Discussing the article: "Neural networks made easy (Part 55): Contrastive intrinsic control (CIC)"

 

Check out the new article: Neural networks made easy (Part 55): Contrastive intrinsic control (CIC).

Contrastive training is an unsupervised method of training representation. Its goal is to train a model to highlight similarities and differences in data sets. In this article, we will talk about using contrastive training approaches to explore different Actor skills.

The Contrastive Intrinsic Control algorithm begins with training the Agent in the environment using feedback and obtaining trajectories of states and actions. Representation training is then performed using Contrastive Predictive Coding (CPC), which motivates the Agent to retrieve key features from states and actions. Representations are formed that take into account the dependencies between successive states.

Intrinsic rewards play an important role in determining which behavioral strategies should be maximized. CIC maximizes the entropy of transitions between states, which promotes diversity in Agent behavior. This allows the Agent to explore and create a variety of behavioral strategies.

After generating a variety of skills and strategies, the CIC algorithm uses the Discriminator to instantiate the skill representations. The Discriminator aims to ensure that states are predictable and stable. In this way, the Agent learns to "use" skills in predictable situations.

The combination of exploration motivated by intrinsic rewards and the use of skills for predictable actions creates a balanced approach for creating varied and effective strategies.

As a result, the Contrastive Predictive Coding algorithm encourages the Agent to detect and learn a wide range of behavioral strategies, while ensuring stable learning. Below is the custom algorithm visualization.

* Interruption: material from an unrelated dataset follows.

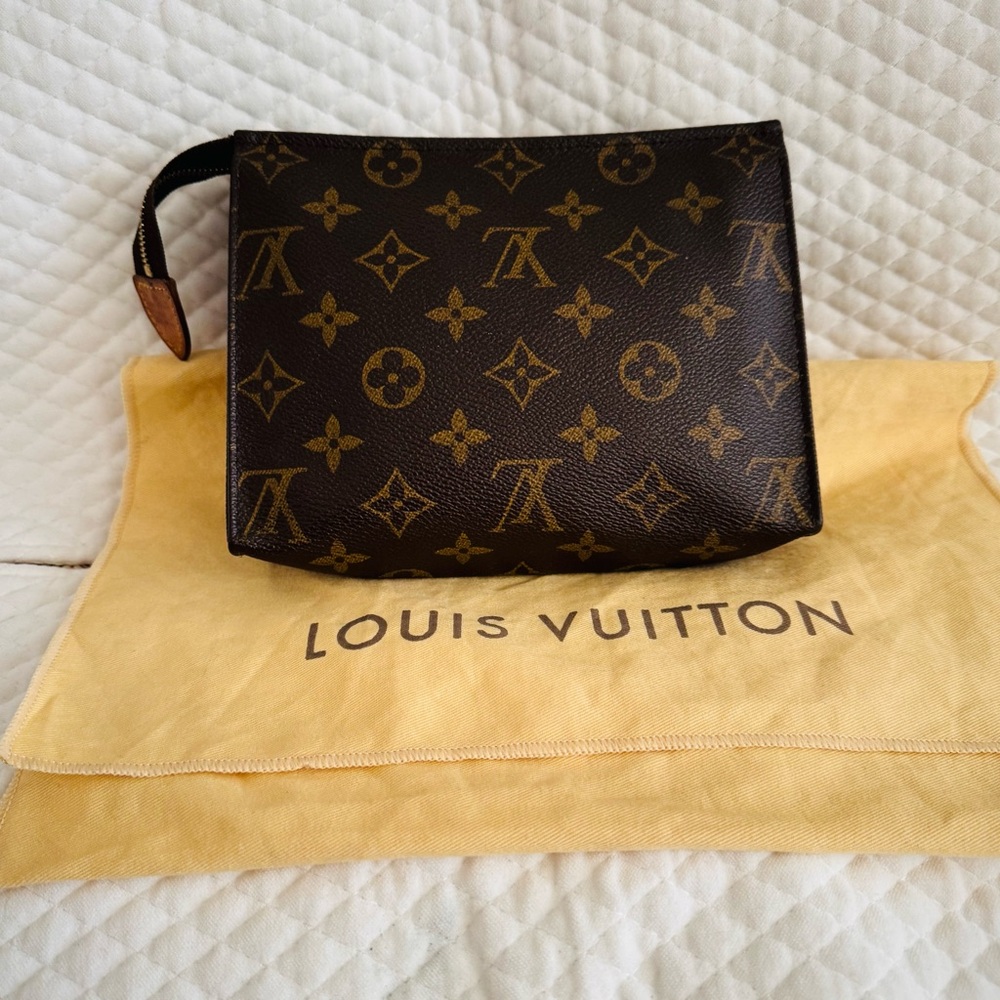 SOLD - Louis Vuitton Brown and Gold Monogram Clutch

Custom algorithm visualization

Author: Dmitriy Gizlyk

 
Hello. I can't get a positive result on research. A straight line is drawn. It seems that there is a limitation on results in the code.
Files:
 
star-ik #:
Hello. I can't get a positive result on research. A straight line is drawn. It seems that there is a limitation on the results in the code.

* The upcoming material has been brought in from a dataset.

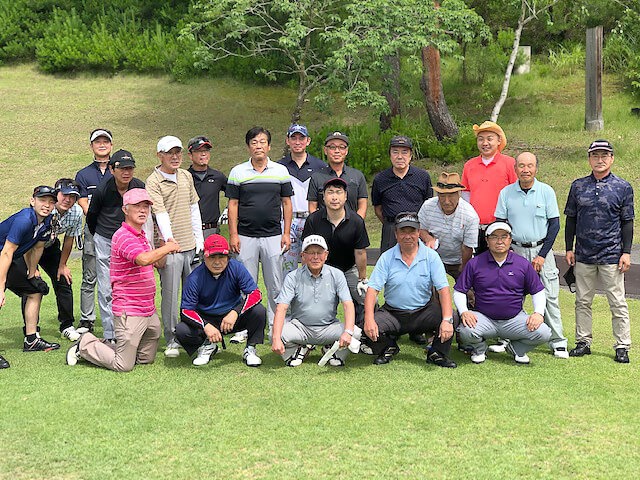 集合写真：世代間交流事業 吉島地区ゴルフ大会
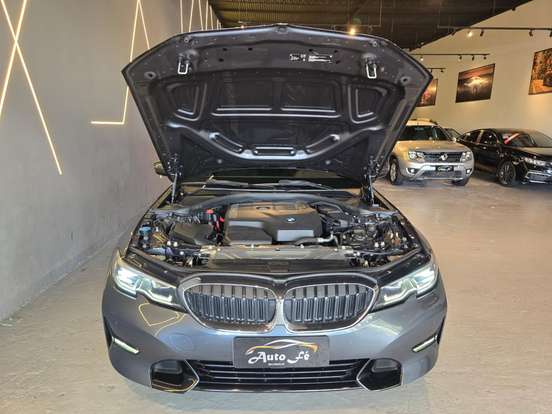 BMW-320i-2022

At what stage? First run with random parameters? After running Pretrain? Or Finetune?

 
At all stages, I don't come out on the plus side.
 
star-ik #:
At all stages, I don't come out on the plus side.

In the first stages there is pre-training, which is about exploring the environment and learning the Actor's skills. No external rewards are used here at all. We train the Actor to develop multiple skills. Hence, we do not expect positive passages. External reward is used only in the last stage of Finetune, when we train the Planner to manage the Actor's skills for the task at hand. And the results are directly dependent on the completeness of the first two iterations.

 
What are Finetune's acceptable error rates? And when will the file be written to the Tester folder?
 
I've got Research, I'm on the plus side.
 
Hello again. I can't understand one point. What is the point of setting take profit if it is trawled? It will never work that way.
 
star-ik #:
Hello again. I can't understand one point. What is the point of setting take profit if it is trawled? It will never work that way.

It is first of all a risk management tool. It is a defence against sharp big movements. Besides, we train the model. Theoretically, stop loss and take profit do not have to be larger than the size of the candle. In the process of training, we look for the most profitable strategy.

 
Another question. After Research has gone to the plus side, can I run the rest repeatedly on this data? The thing is that it goes back to minus again and spoils the statistics.
 
Dimitri, you have already published a new article and may not be coming back here. But I will try to ask you a question. Please tell me, did your Expert Advisor execute trades in both directions? For some reason, I only have a buy. Is it worth torturing with it further?